* _Required work_
Give only the number of lines below that contain the word "Feeling".
Extracted data: Begin
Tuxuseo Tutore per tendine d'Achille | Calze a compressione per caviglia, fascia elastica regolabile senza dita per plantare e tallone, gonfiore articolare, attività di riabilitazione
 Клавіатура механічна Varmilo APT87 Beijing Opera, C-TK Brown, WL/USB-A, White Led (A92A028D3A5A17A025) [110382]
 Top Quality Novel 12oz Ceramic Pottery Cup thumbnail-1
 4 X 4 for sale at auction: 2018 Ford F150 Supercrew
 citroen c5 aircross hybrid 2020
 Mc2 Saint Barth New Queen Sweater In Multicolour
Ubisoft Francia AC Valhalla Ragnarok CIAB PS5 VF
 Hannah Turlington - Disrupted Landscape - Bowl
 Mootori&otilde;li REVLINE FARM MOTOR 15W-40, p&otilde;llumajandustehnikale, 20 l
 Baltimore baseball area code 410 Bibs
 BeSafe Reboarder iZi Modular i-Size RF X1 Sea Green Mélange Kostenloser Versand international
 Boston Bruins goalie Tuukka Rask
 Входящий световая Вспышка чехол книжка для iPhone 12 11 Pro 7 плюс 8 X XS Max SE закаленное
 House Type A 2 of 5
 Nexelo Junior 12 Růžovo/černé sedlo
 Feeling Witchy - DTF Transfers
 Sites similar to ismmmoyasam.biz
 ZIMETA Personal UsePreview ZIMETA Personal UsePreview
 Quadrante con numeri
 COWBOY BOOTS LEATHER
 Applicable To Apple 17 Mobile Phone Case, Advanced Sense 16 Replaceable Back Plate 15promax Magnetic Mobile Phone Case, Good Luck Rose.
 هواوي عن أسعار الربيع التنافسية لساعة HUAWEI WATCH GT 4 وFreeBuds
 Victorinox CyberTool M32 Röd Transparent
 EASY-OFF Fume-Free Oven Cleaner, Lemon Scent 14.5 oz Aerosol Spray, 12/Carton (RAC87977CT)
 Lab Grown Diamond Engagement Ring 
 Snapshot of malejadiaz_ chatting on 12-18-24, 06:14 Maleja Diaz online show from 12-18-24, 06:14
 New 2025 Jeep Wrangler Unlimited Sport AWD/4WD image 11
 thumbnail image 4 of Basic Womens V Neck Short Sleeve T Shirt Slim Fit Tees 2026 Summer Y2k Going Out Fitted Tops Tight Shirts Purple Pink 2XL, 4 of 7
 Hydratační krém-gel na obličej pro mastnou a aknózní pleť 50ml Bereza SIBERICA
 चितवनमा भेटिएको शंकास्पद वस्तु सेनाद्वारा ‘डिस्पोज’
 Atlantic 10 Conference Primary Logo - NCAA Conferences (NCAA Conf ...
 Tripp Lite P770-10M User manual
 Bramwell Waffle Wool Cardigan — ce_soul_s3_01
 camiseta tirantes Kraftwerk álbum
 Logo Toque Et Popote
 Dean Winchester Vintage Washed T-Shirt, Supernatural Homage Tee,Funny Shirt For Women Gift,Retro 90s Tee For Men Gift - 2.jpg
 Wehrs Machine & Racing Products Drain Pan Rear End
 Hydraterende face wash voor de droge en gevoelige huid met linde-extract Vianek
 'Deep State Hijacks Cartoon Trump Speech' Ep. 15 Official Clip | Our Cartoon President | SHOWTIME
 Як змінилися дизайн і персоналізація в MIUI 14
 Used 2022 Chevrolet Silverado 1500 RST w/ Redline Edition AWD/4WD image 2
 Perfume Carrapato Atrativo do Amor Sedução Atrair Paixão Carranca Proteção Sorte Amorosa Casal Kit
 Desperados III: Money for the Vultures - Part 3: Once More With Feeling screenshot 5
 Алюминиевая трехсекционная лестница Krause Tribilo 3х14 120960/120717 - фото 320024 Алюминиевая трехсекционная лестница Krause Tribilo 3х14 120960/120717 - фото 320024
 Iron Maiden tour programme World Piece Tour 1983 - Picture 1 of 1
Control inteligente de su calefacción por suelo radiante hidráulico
Extracted data: End
* _Response to the exercise_
2